Ashlen Delgado (Ogalala Sioux), has set her ambitions high by organizing a powwow for her senior project at Johnson Senior High in Saint Paul. Every year, students at Johnson must complete a senior project for their Finale class in order to graduate. The senior project is the capstone piece to the students’ high school careers. The project the students focus on must align with their career or educational goals, involve community help, or have a concentration on culture.
With the help of her mentor Travis DeCory, a Chemical Dependency Prevention Coordinator for the Ain Dah Yung Center, Delgado was awarded a $2,500 grant to fund the powwow.

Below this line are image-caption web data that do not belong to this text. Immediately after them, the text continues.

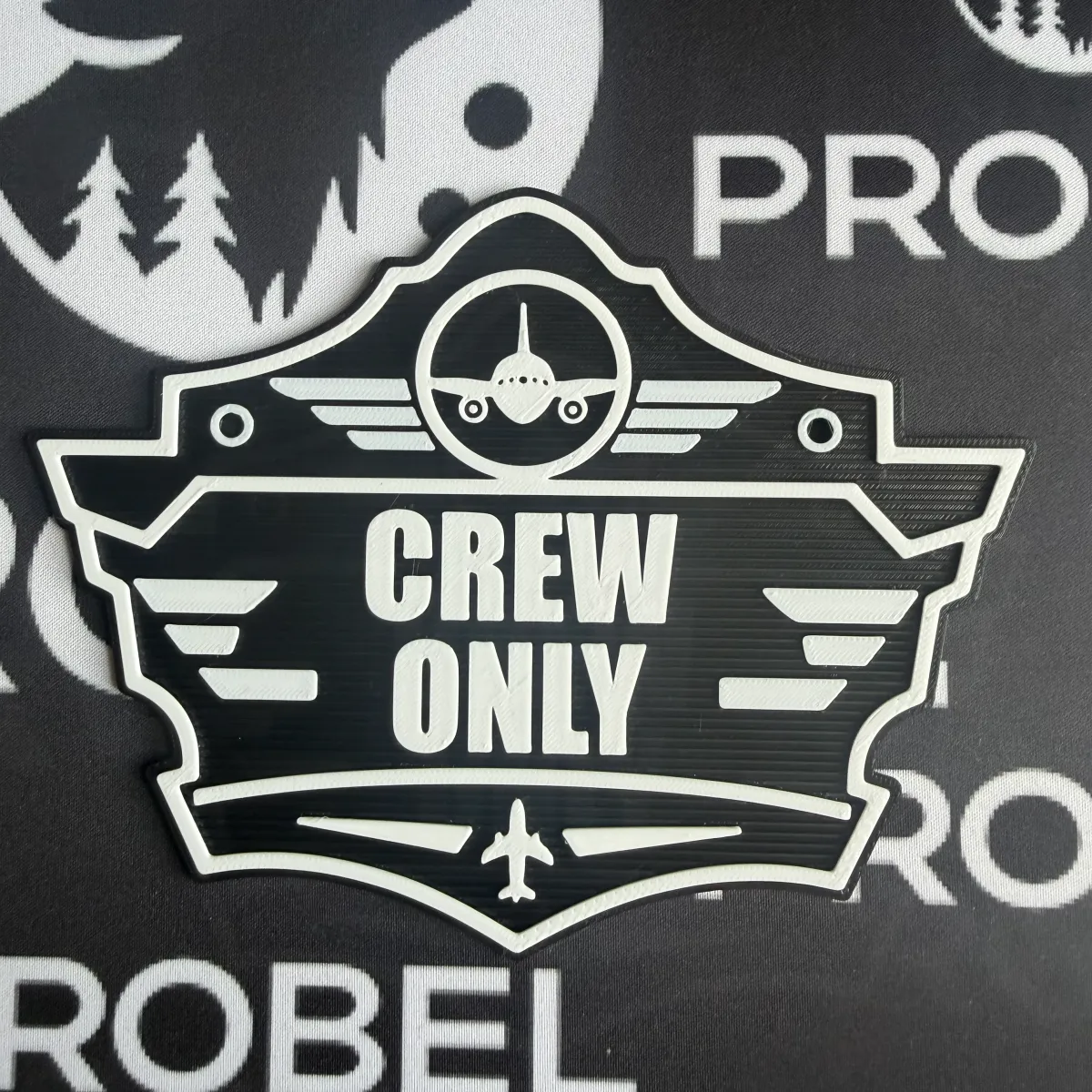 3D-Kunststoffschild "Crew Only" – geriffelte Oberfläche
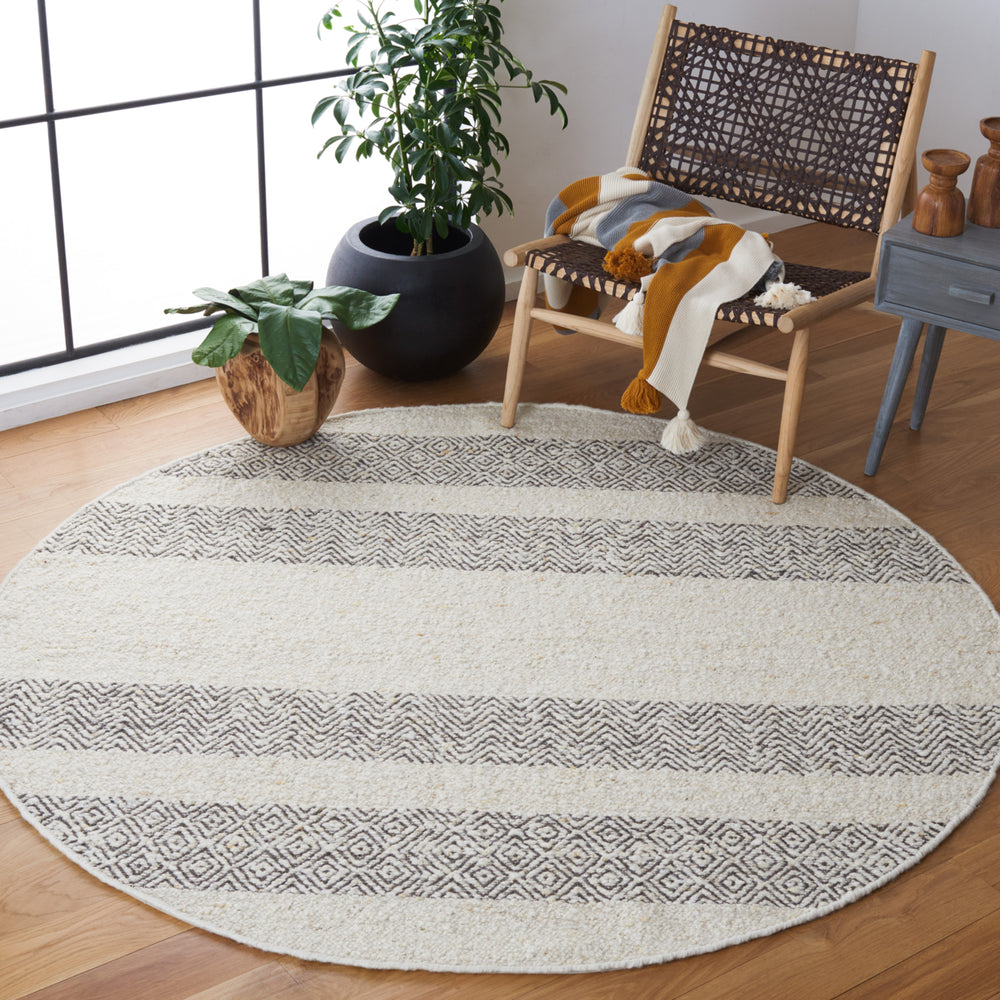 SAFAVIEH Natura Collection NAT332A Handwoven Ivory Rug Image 2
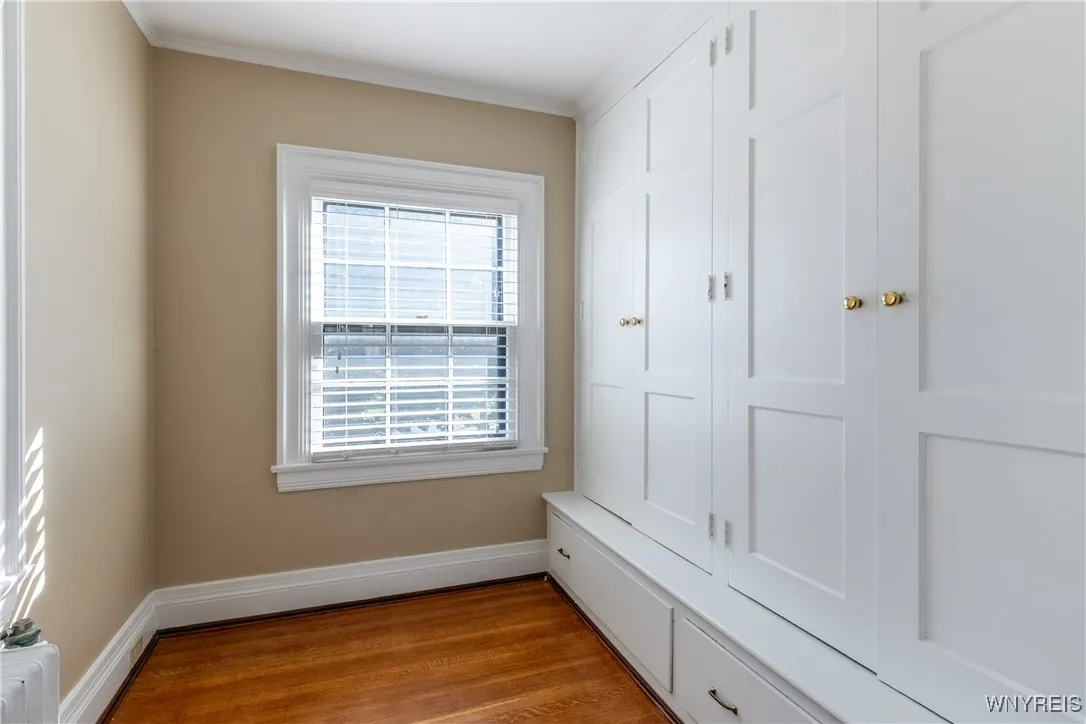 28 Penhurst Park, Buffalo, New York 14222, Buffalo, New York 14222, 4 Bedrooms Bedrooms, 13 Rooms Rooms,3 BathroomsBathrooms,Residential,For Sale,28 Penhurst Park, Buffalo, New York 14222,0,B1637976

Delgado and DeCory worked together to write a grant to the Tiwahe Foundation, (formally the American Indian Family Empowerment Program) in August 2010 asking for $1,600. Instead, they were awarded the full grant amount of $2,500 in October of 2010. DeCory has had previous experience with writing grants through his work and was confident that Delgado would receive the grant.
Delgado’s Finale teacher, Mary Voigt was both proud and relieved by Delgado’s grant approval and for wanting to share her culture with the rest of the school.
“Her American Indian ancestry is so important to her and she was so passionate when she talked about her powwow. It was really hard not to be excited for her,” said Voigt. “Success always breeds more success, so I think it could be a source of inspiration for her in her future.”
Delgado said she first got the idea to put on a powwow for her senior project from attending the Indian Education powwows around Saint Paul. She said another factor was the small population of Native students at her school. Delgado feels that the fact there are Native students at Johnson often gets overlooked due to more prominent cultures at the school.
“I want to educate the community and let them know that there’s Natives at Johnson because our Indian Ed is pretty small. It’s to let them know we’re here,” said Delgado.
Norman Benson, Chemical Health Specialist from Saint Paul Public Schools American Indian Education Program, was also supportive of Delgado’s plan and has offered her help for the event.
The American Indian Education Program's role is to assist and advise the Saint Paul Public School District in providing effective school programs and services for American Indian students. It is supervised by the district's Office of Professional Development.
“As an Indian Education teacher, I thought it was a very good idea and was enthused that she wants to honor her tradition and culture. That stood out to me and I was supportive,” said Benson.
Being involved with Ain Dah Yung and attending Saint Paul Indian Education has enabled Delgado to feel connected to her culture. She plans on donating any proceeds from the powwow to the Saint Paul Indian Education.
Delgado said, “I wanted to give something back because they’ve helped my family and I a lot. They’ve provided education help and they were always there when we needed it. Kind of like a family.”
Saint Paul Indian Education has remained one of Delgado’s top supporters through the planning process so far. They have offered to cover some of the worker’s composition and Secondary Cultural Teacher Jerry Dearly from the district’s Indian Education has agreed to M.C. for the powwow.
Putting on the event has helped her to create bonds within her community and helped her to build resources through those connections. She’s been able to secure posters from a local graphic artist.
“I’m a little more involved than what I was when I was little in the community. A lot of people are stepping in and helping. It’s kind of a relief,” said Delgado.
Delgado hopes to hold the powwow in April but says it’s still in the planning stages at the moment and she is currently looking for a Host Drum, vendors and volunteers. Her outlook for her senior project is positive and her supporters like DeCory are all helping to ensure her success.
DeCory said, “I have been in this line of work for over ten years and it is a rare occasion that you meet someone like Ashlen. She is one of the brightest young women I have ever had the pleasure of working with. Ashlen is going to be a leader in this community; this is not a question in my mind.”
Delgado said the event is a one day evening powwow but the date and where it will be held is still unconfirmed.